■ ACTIVITY ■
Starting at the first line of the entries below, please return exactly each line up to and including the one with "College Reading &"; pictures stay out.

[Short text fragments from websites]
-------------------------
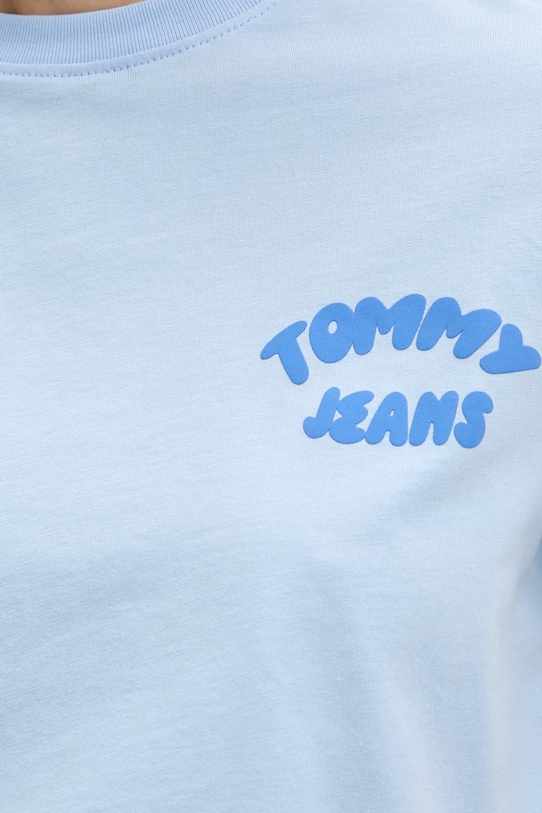 Tommy Jeans tričko dámské bavlněné DW0DW22310 modrá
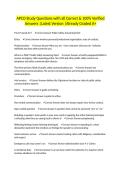 APCO Study Questions with all Correct & 100&percnt; Verified Answers &vert;Latest Version &vert;Already Graded A&plus;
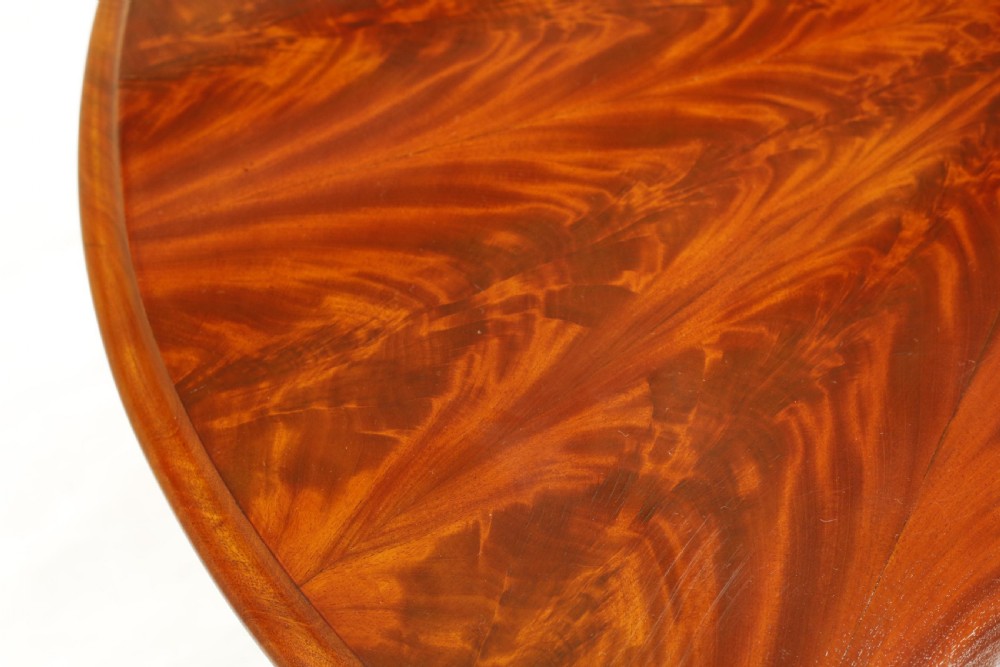Victorian Flame mahogany flip top centre table View X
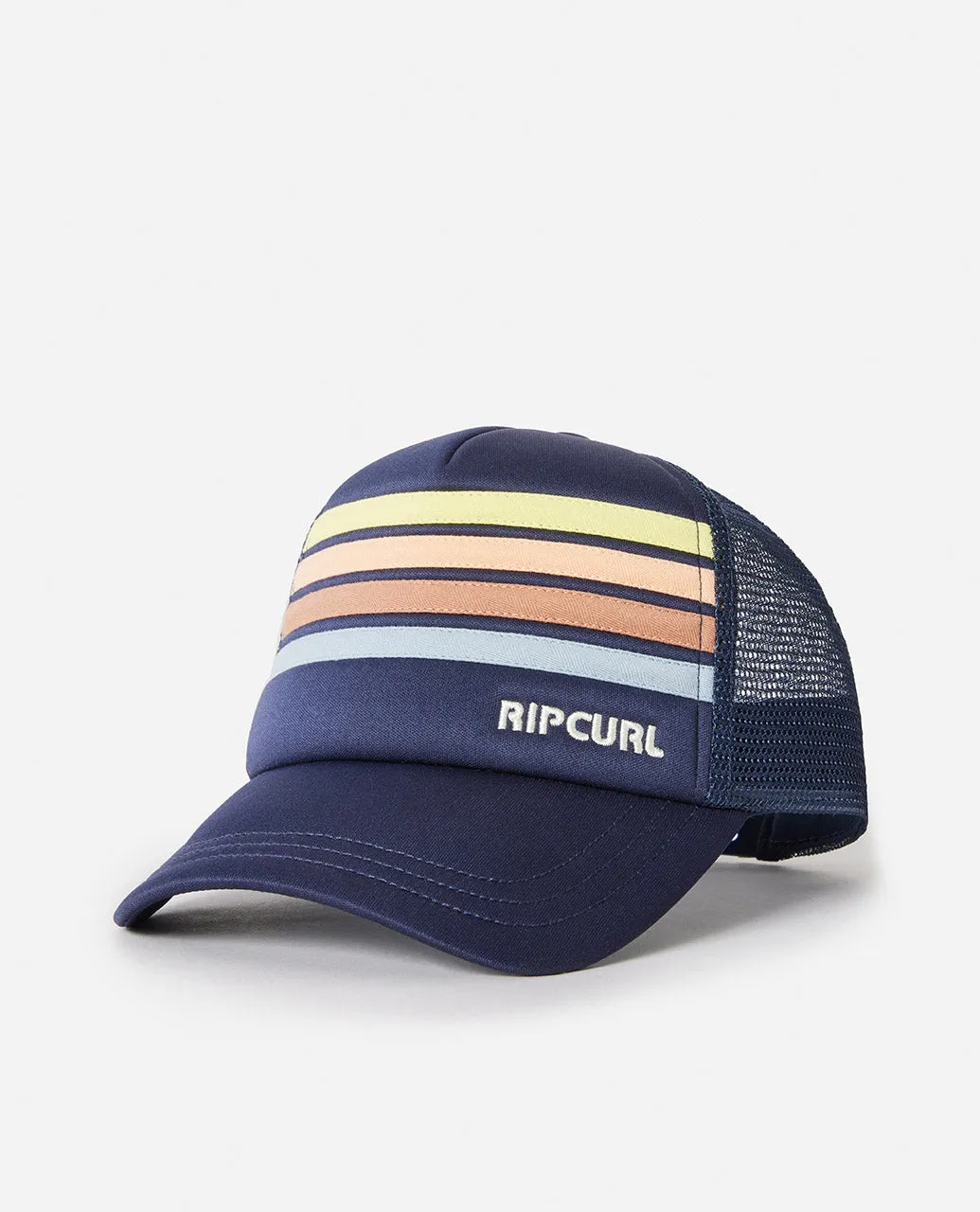 Rip Curl Kids Mixed Curved Visor Snapback Trucker Cap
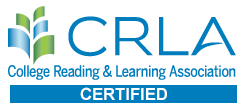 College Reading & Learning Association (CRLA) Certified Logo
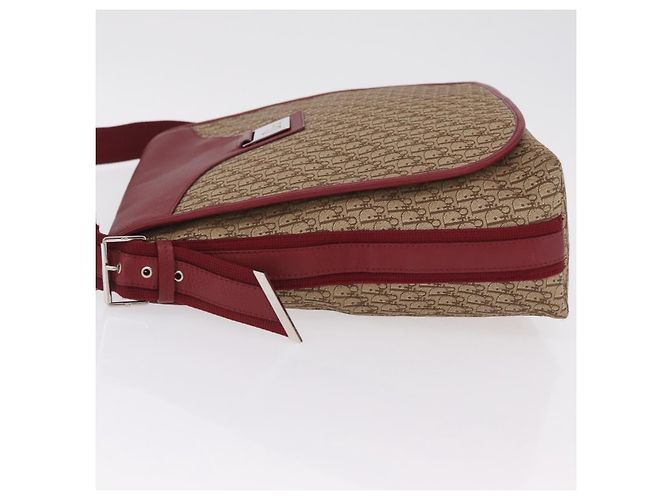 Borsa a tracolla Christian Dior Trotter Canvas Beige Silver Auth ka6335V Argento - vista 4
-------------------------
■ OUTPUT OF THE TASK ■
 Tommy Jeans tričko dámské bavlněné DW0DW22310 modrá
 APCO Study Questions with all Correct & 100&percnt; Verified Answers &vert;Latest Version &vert;Already Graded A&plus;
Victorian Flame mahogany flip top centre table View X
 Rip Curl Kids Mixed Curved Visor Snapback Trucker Cap
 College Reading & Learning Association (CRLA) Certified Logo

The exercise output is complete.